Born April 19, 1832(1832-04-19)
Garrettsville, Ohio, U.S.
Died March 14, 1918 (aged 85)
Pasadena, California, U.S.
Spouse(s) James Garfield
Children Eliza Arabella Garfield
Harold Augustus Garfield
James Rudolph Garfield
Mary Garfield Stanley Brown
Irvin McDowell Garfield
Abram Garfield
Edward Garfield
Religion Disciples of Christ
Signature

Lucretia Rudolph-Garfield (April 19, 1832 – March 14, 1918), wife of James A. Garfield, was First Lady of the United States in 1881.

Contents

Early Life

Born in Hiram, Ohio, the daughter of Zebulon Rudolph, a farmer and co-founder of the Eclectic Institute at Hiram, and Arabella Mason-Rudolph, Lucretia "Crete" Rudolph was a devout member of the Disciples of Christ church.

Romance and Marriage

She first met James Garfield in 1849 when they were classmates at Geauga Seminary in Chester, Ohio, and followed him to the Eclectic Institute, where they began dating. She was somewhat plain in appearance, but Garfield was attracted to her keen intellect and appetite for knowledge. While Garfield went on to Williams College, she taught school in Cleveland, Ohio and Bayou, Ohio. They had planned to marry on his graduation in 1856, but decided to postpone the wedding for a couple of years until he was earning more money.

Both James and Crete were 26-years when they married on November 11, 1858 at the home of the bride's parents in Hiram. Although both were Disciples of Christ, the nuptials were performed by Henry Hitchcock, a Presbyterian minister. The newlyweds did not take a honeymoon but instead set up housekeeping immediately in Hiram.

His service in the Union Army from 1861 to 1863 kept them apart. But after his first winter in Washington as a freshman Representative, the family remained together. With a home in the capital as well as one (Lawnfield) in Mentor, Ohio, they enjoyed a happy domestic life.

In Washington, D.C. they shared intellectual interests with congenial friends; she went with him to meetings of a locally celebrated literary society. They read together, made social calls together, dined with each other, and traveled in company until by 1880 they were as nearly inseparable as his career permitted.

Children

The Garfield children (excluding two late children)

The Garfields had four sons and a daughter to live to maturity:

  • Harry Augustus Garfield (1863-1942) - lawyer, educator, public official.
  • James Rudolph Garfield (1865-1950) - lawyer, public official.
  • Mary "Mollie" Garfield Stanley-Brown (1867-1947). Educated at private schools in Cleveland and Connecticut, she in 1888 married Joseph Stanley-Brown, presidential secretary during Garfield's term, later an investment banker. She lived in New York and Pasadena, CA.
  • Irvin McDowell Garfield (1870-1951) - lawyer. He followed his older brothers to Williams College and Columbia Law School.

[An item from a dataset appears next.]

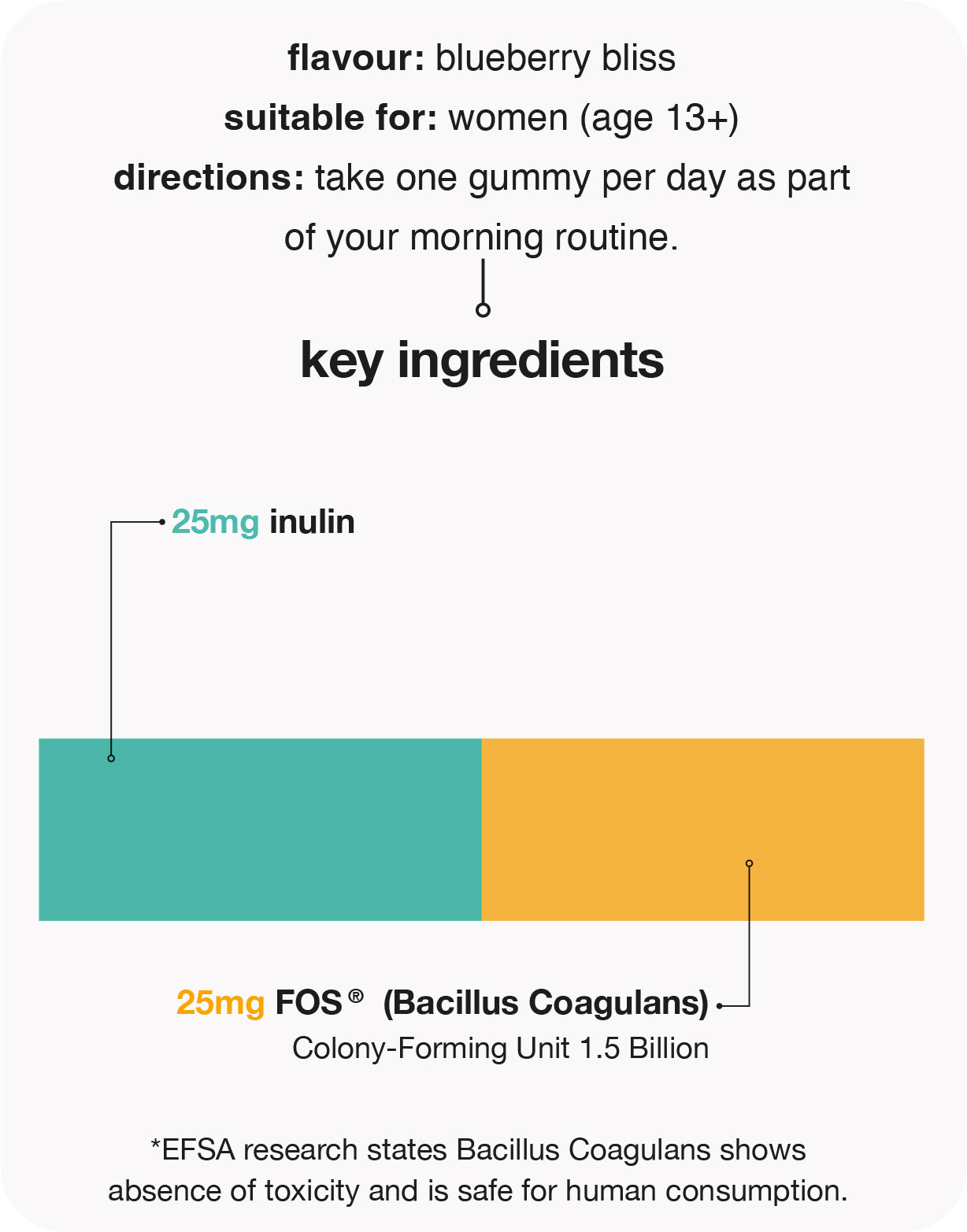 friendly gut bacteria gummies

He settled in Boston, where he prospered as partner in the firm of Warren & Garfield and served on the boards of directors of several corporations.
  • Abram Garfield (1872-1958) - architect. A graduate of Williams College and Massachusetts Institute of Technology, he settled in Cleveland, where he worked as an architect from offices in the James A. Garfield Building. He served as chairman of the Cleveland Planning Commission 1929-1942 and was active in the American Institute of Architects.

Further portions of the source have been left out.